Historical note by Larry DeAngelo: As the obvious "giant" of escarpment, the east side of Mount Wilson got a lot of attention from the earliest Red Rock pioneers. John Williamson was just a kid when he began exploring the wall with his friends in 1966 and 1967. They wore their tennis shoes, tied in directly with a goldline rope, and carried a small collection of steel carabiners and knifeblade pitons. On their initial attempts, they did not get very far. However, some of the names they coined were the first Red Rock feature names coined by climbers. "Willy's Couloir" was their name (John's friends called him by the nickname "Willy"). "Sherwood Forest" was what they called the huge wooded ledge system halfway up the face. As adventurous thirteen-year-olds, they were fans of Robin Hood.

Williamson's scouting (and persistence) ultimately paid off in 1970, when he and Keith Hogan completed a route to the summit.
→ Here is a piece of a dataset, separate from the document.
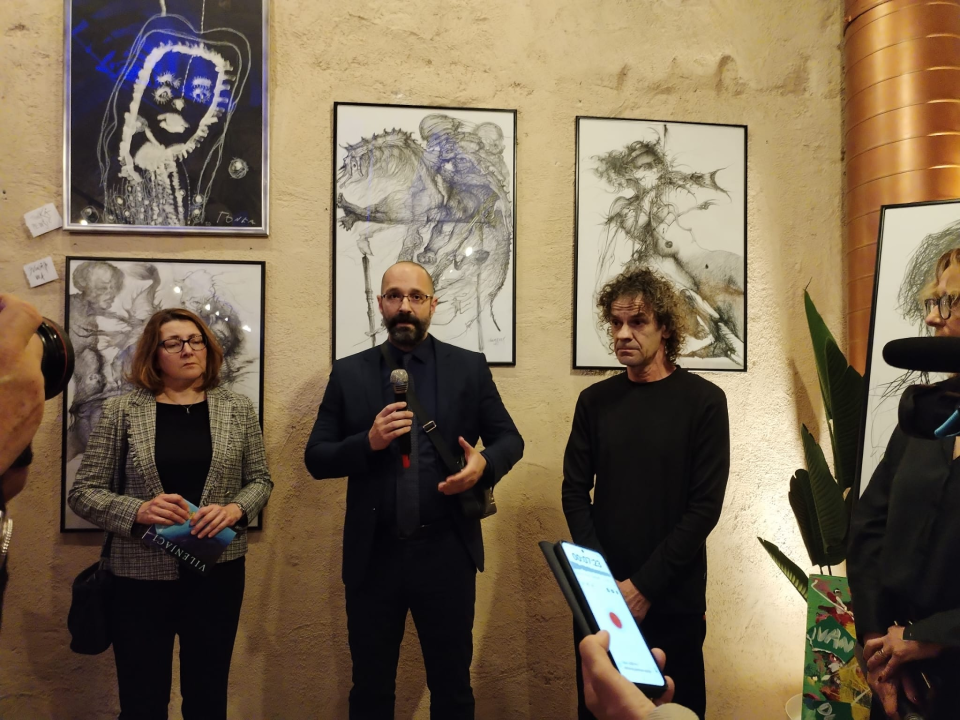 Zvonimir Vila i njegovi 'Vilenjaci' napunili Azimut: Otvorena izložba radova djece iz Centra 'Šubićevac'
They navigated up Willy's Couloir, crossed to the right through Sherwood Forest, and climbed the northern headwall to the top. The following year Joe Herbst (who did not know John and Keith, and was unaware of their ascent) soloed directly to the northern edge of Sherwood Forest and continued up the top part of their route.

Joe's solo climb was done on the day before his wedding. The ascent was not as casual as it may sound. Although it took over thirty years until the route found its way into a guidebook (Sentimental Journey IV, 5.9), Joe said that he always considered that climb to be the pivotal moment in Red Rock, because it marked the beginning of "serious climbing."